The week-long SkillsUSA program at the Kentucky Expo Center takes the very best technical students from all over the country and awards scholarships and other prizes to competition winners in more than 100 different categories.
“We went to districts to see how we did, then we got first at states, and then we came here,” said 18-year-old Corvin Black.
Black and his three teammates came all the way from Missouri, and although they were in the same high school carpentry class, they've never faced a challenge this big.
They had to build an eight-foot-by-eight-foot house in just three days.
Each played a role; an electrician, a plumber, a carpenter and a mason. Their house was judged at the end of the week. They say the competition at nationals was tough.
While they didn't win, they'll take the lessons they learned with them in the future. And they might just land a job at one of the companies, like Caterpillar, which is scouting future talent at SkillsUSA.
“What we like is not only do you get the technical, so you might get the best welder and you might get the best technician, but you are also going to get a leader,” Arvin said. “That's the difference with SkillsUSA and why Caterpillar works with them. You're going to get those kids who have the personal and workplace skills you don't see a lot of other places when you're looking at graduates.”

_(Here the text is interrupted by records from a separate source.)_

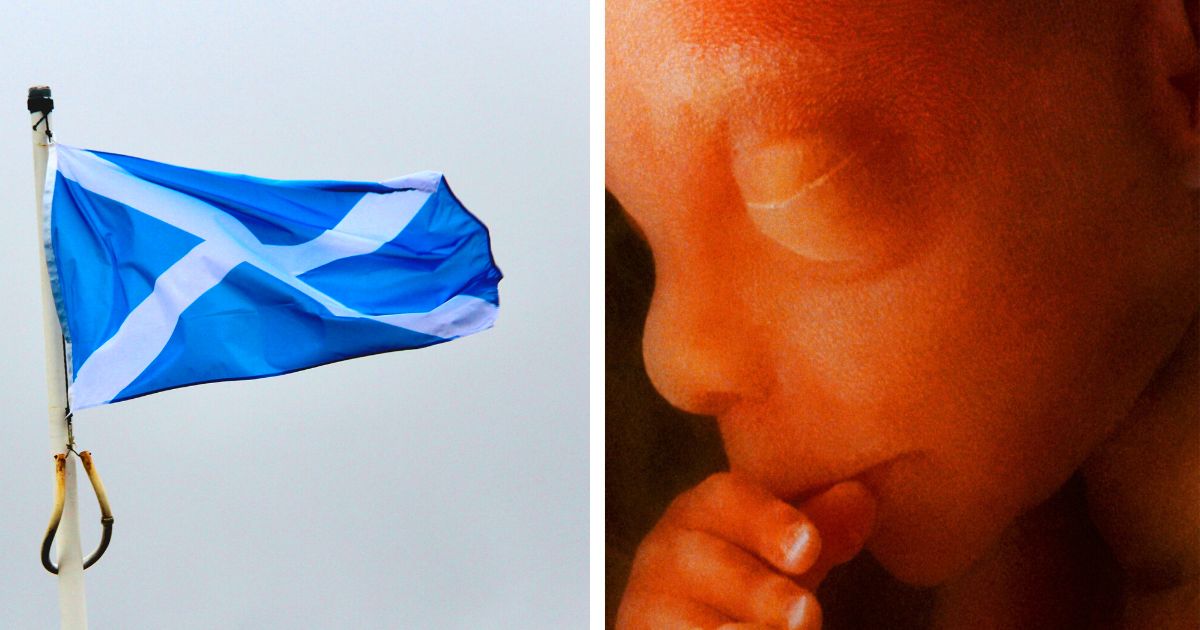 Scotland sees highest abortions on record in 2022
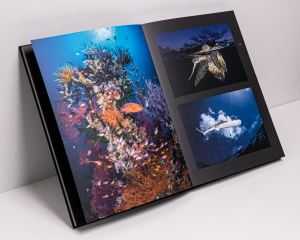 Ocean Photography Awards coffee table book, 2021, Renee Cappozola
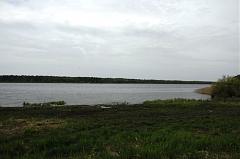 DSC 7307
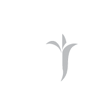 Աշոտ Աշոտյան - լոգոտիպ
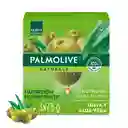 Palmolive Jabón e en Barra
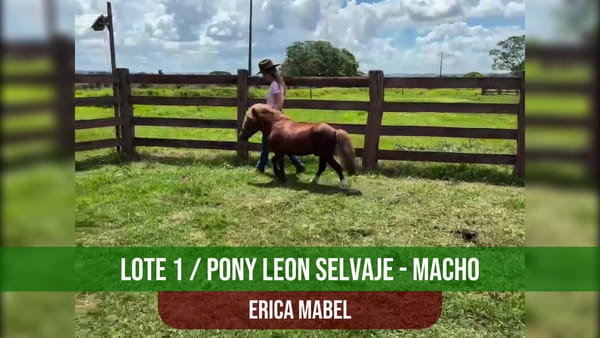 Lote Pony Leon Selvaje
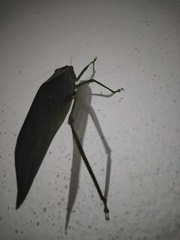 Stilpnochlora azteca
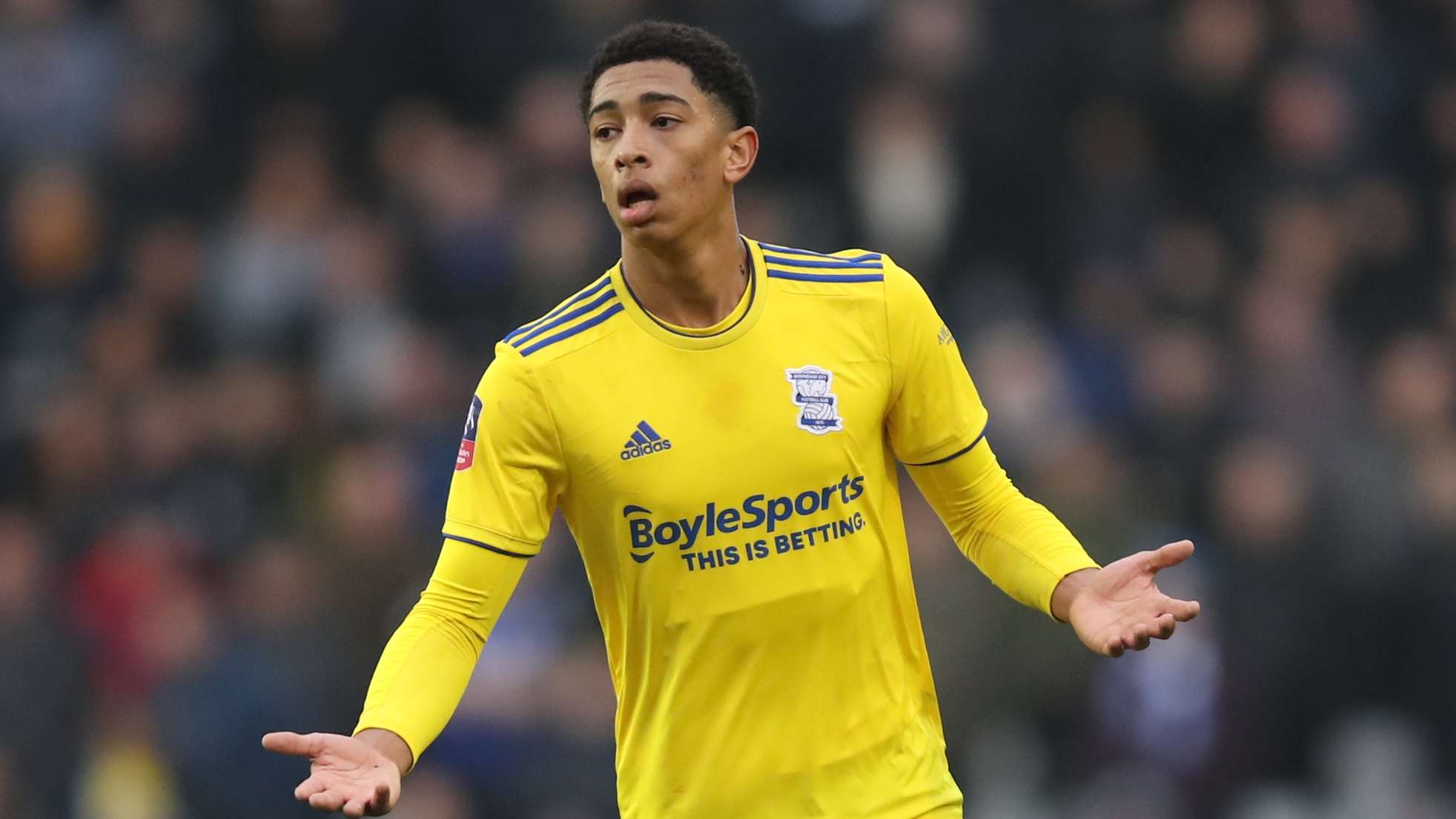 利马即将回 利马即将回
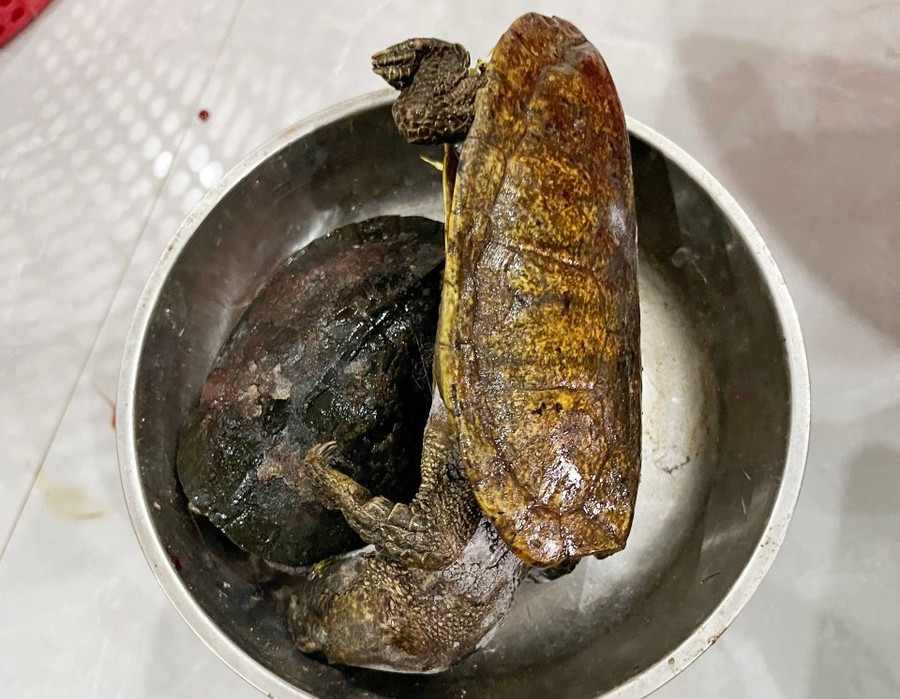 Các cá thể rùa.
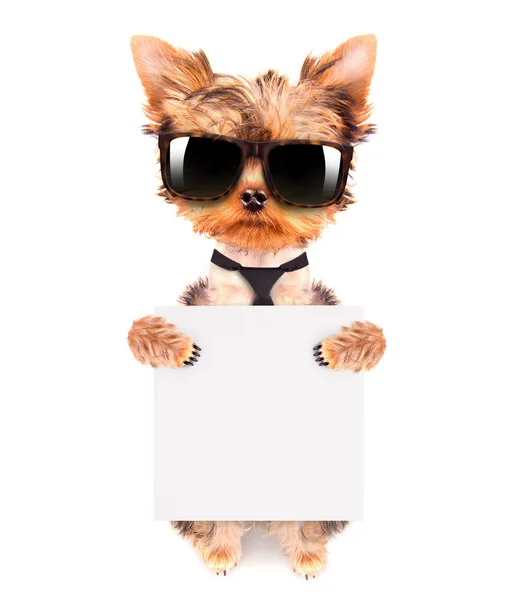 Dog wearing a neck bow and shades with banner — Stock Photo, Image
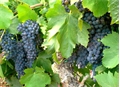Image du bien UBI455820053
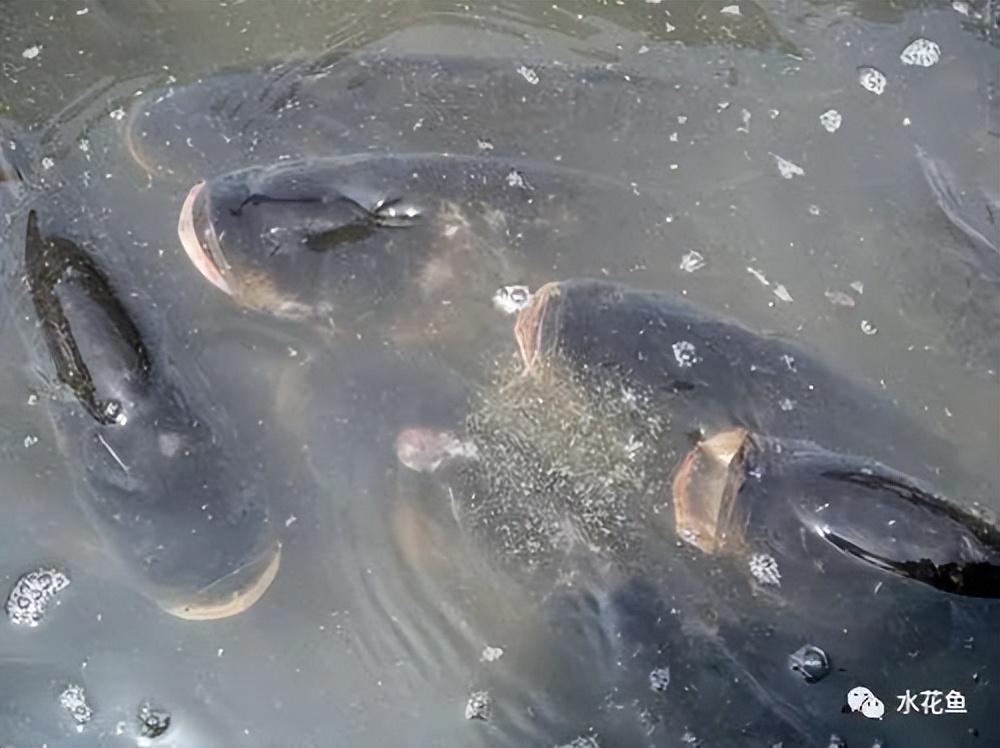 提高水体溶氧量的方法,水体溶氧的正确使用方法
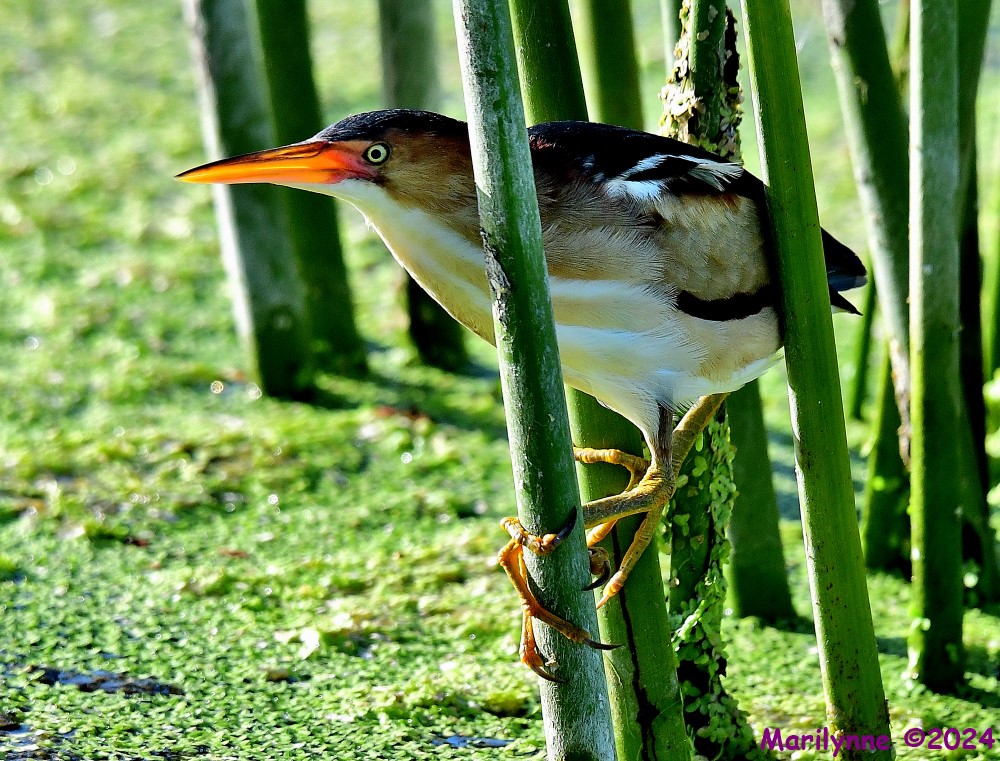 DSC_8953_001.JPG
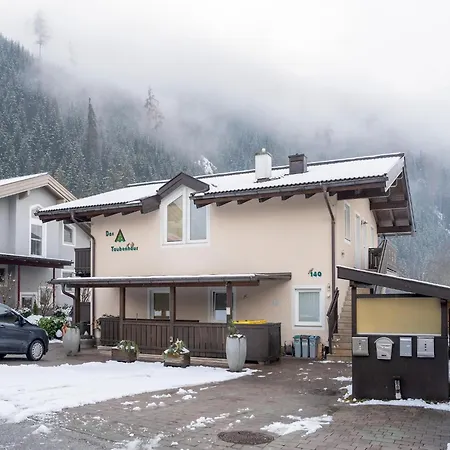 With Terrace In Hollersbach *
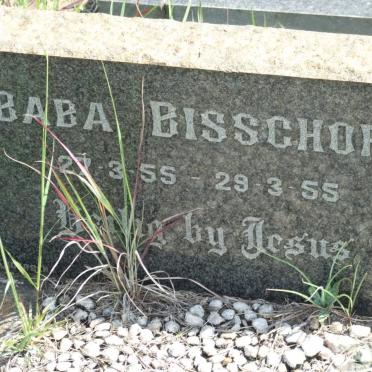BISSCHOFF 1955-1955
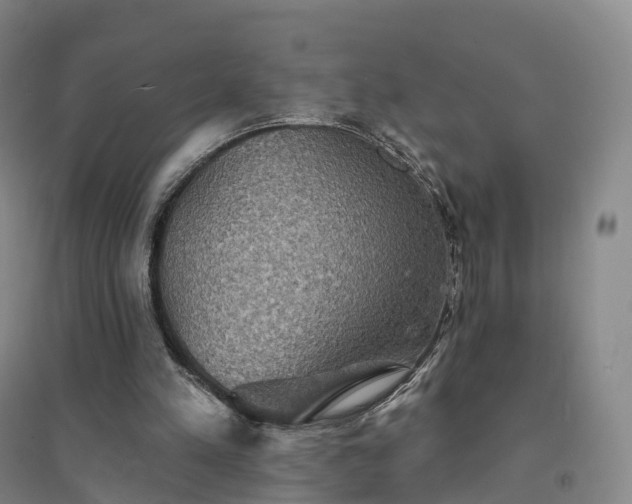 X0000094460197200711151457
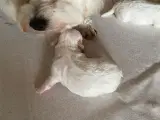 Coton de Tulear - 2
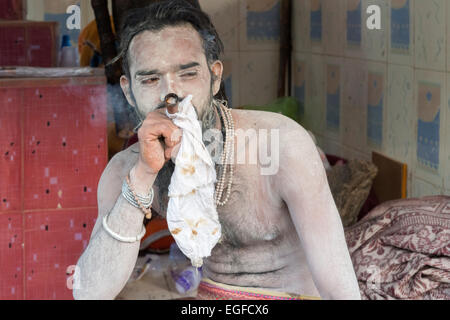 Naga Sadhu Fumeurs Chillum, Shivratri, Mela Bhavnath Banque D'Images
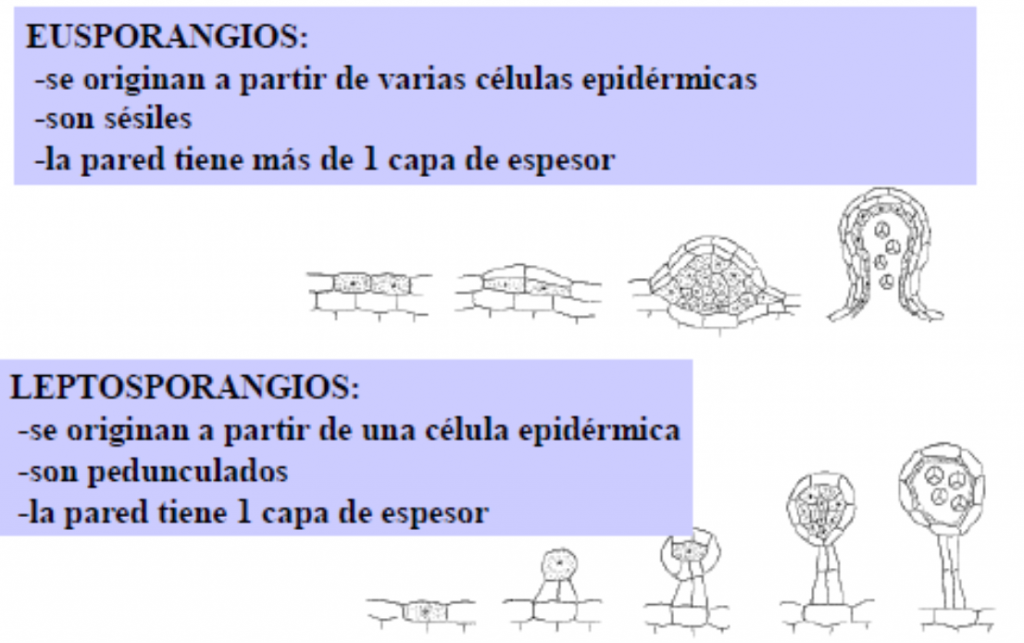 tipos de esporangios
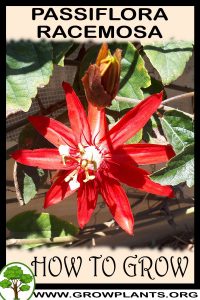 How to grow Passiflora racemosa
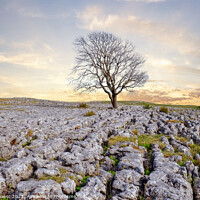Buy canvas prints of The Malham Tree Sunrise Yorkshire by Diana Mower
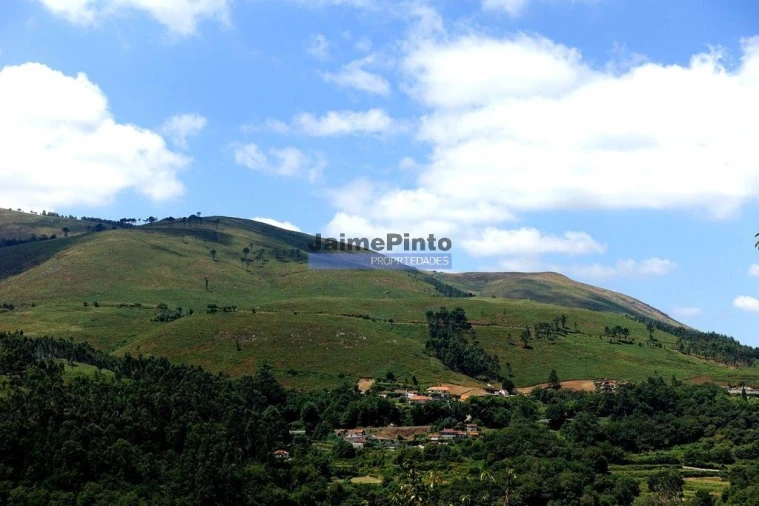 Terreno Misto para Venda em Agualonga Foto 7
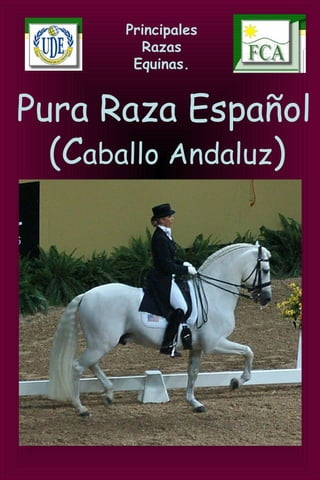 Principales
Razas
Equinas.
Pura Raza Español
(Caballo Andaluz)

If you're a student entering the work force, employers are using SkillsUSA to make it clear you can make good living by learning a trade.
“Six-million jobs are available in the United States right now,” said Timothy Lawrence, Executive Director of SkillsUSA. “Six-hundred-thousand of them are in manufacturing alone. The pipeline is not filling quickly enough for employers. SkillsUSA is a partial solution, but a very strong solution to that issue.”